From the chapter titles -- 'Haffner Unbound', 'Haffner Amorous', 'Haffner Amphibious', and so on, in twenty variations -- Haffner and his stories are presented.
There is a bit of plot to the novel, most of it centered around when an old, retired Haffner went, "in the final year of the twentieth century", to an apparently formerly communist country in Central Europe to try to reclaim some property.
So there was some bureaucratic business to attend to, and along with that Haffner dealt (and often fumbled around) with a variety of people.
His grandson, Benjamin, a very different character, also plays a role, including showing just how far apart the generations are and how times have changed.
For the most part, however, The Escape focuses on trying to pin down Haffner himself, to sum up and reflect on the now dying man's life.

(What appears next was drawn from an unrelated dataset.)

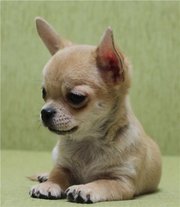 Чихуахуа -ОЧАРОВАШКИ, ОТЛИЧНЫЕ ЩЕНКИ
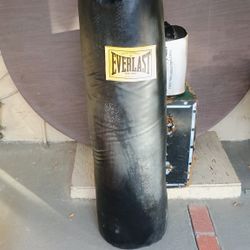 100lb Everlast Punching Bag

An elusive narrator does the job of presenting Haffner and his stories, but it's a figure that remains largely off-stage.
The narrator introduces himself and provides a bit of personal information:
And me ?
I was born sixty years after Haffner.
I was just a friend.
But his role remains that of raconteur and interpreter, rarely figuring to any extent in Haffner's story.
Or stories, since much of The Escape is anecdotal, the piecing together of bits that happened before the (very young) narrator's time.
Early on we're told:
The ethos of Rafael Haffner -- as businessman, raconteur, wit, jazzman, reader -- was simple: no experience could be more pleasurable than its telling.
The description was always to be preferred to the reality.
That sets the bar high for a novel -- a book of description.
Thirlwell tries hard, but falls fairly flat.
His tale meanders and floats, and for all his Haffner-tales his character never become very substantial.
A big part of the problem is Thirlwell's tic (and trick) of not following the traditional story-arc in his anecdotes and stories, preferring to jump in and out, and drift off elsewhere.
At this zenith, while Haffner remains there, happily asleep, with his penis in a stranger's hand, I am suddenly reminded of another Haffnerian story.
Yes, there's a certain lack of focus.
Sure, the narrator gets back to the matter at hand eventually (more or less), but it's tough to pull off a digression at a point like that.
There's an elegance and cleverness to some of the language and accounts, but Thirlwell has an odd ear, with a tendency to overwrite, taking one step too far in his minute observations.
When Haffner is on one of his bureaucratic errands a secretaries' room is described as unadorned:
Its walls were bare, except for a cork noticeboard, pinned with reminders of rota systems, memos about departmental protocol.
A handwritten invitation to a party from two months ago was beginning to curl at the bottom: a stalled wave.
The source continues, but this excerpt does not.